I was gently guided to the left and the door immediately there. The light was flicked on and flooded the room with a dull orange glow.
The large bed in the middle of the wall was slathered with a puffy quilt made of all sorts of different colours and patterns. At the end of it was two folded towels arranged into a cross with a bar of soap planted in the middle.
A wooden chest with deep ethnic carvings sat at the end of the metal poles of the bed. Opposite it was a vintage dresser with round mirror attached.
There was a sort of smell to it all that felt homely. Kind of musty, but soft in a way. It was hard to put my finger on it, but it made me feel safe.
Fishing out eighty dollars for the sleepy couple who made sure I was fine to be settled in and warmly wished me goodnight on their way out, I was left to drop my bag on the chest, flick off the light that slowly burnt out, and slip under the cold quilt with my phone for company.

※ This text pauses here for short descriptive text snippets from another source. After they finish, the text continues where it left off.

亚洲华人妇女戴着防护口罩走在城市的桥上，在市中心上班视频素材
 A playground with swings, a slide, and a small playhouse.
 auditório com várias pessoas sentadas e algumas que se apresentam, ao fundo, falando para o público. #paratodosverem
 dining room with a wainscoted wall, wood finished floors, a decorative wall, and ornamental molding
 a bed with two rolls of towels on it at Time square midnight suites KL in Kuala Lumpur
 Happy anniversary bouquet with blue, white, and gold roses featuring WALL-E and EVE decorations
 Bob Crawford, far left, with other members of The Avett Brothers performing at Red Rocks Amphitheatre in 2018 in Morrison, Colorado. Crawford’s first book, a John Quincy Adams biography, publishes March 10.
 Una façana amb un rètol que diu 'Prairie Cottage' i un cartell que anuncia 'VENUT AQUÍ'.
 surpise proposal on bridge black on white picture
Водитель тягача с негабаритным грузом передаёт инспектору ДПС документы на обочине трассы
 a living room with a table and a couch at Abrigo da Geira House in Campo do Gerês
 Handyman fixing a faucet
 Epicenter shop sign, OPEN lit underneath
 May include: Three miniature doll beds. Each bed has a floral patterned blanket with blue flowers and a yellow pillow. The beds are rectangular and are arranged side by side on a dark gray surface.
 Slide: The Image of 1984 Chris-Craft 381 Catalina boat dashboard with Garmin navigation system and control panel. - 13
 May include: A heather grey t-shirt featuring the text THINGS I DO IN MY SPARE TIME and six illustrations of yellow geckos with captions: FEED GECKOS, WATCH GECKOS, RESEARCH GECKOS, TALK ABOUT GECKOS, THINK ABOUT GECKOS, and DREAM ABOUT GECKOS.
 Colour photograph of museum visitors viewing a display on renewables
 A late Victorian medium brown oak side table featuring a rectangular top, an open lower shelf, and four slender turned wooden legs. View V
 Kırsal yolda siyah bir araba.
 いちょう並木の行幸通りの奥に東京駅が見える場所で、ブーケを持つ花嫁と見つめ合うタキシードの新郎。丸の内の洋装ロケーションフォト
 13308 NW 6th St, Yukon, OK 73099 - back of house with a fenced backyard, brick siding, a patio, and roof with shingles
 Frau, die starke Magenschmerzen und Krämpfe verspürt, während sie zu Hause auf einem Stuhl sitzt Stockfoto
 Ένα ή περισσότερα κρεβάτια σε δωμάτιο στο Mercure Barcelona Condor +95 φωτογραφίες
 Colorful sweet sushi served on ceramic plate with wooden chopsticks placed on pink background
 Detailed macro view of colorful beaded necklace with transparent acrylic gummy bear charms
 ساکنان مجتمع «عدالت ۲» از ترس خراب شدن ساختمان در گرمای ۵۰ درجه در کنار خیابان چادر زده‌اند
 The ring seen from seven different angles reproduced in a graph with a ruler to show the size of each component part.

Clutching it close as I stared at the mountain of messages and calls, I knew I couldn't delay it any longer and make things worse.
I got a taste of that anxiety today through Alowyn. I knew Adrian would be the same, and I had cruelly been the one to prolong it.
With a deep breath, I settled in to begin my plee for forgiveness and understanding through curled, serrated claws fumbling through the first sentence to Adrian.
I had to make things right, before my only form of communication with him would no longer be an option and I truly would become a beast.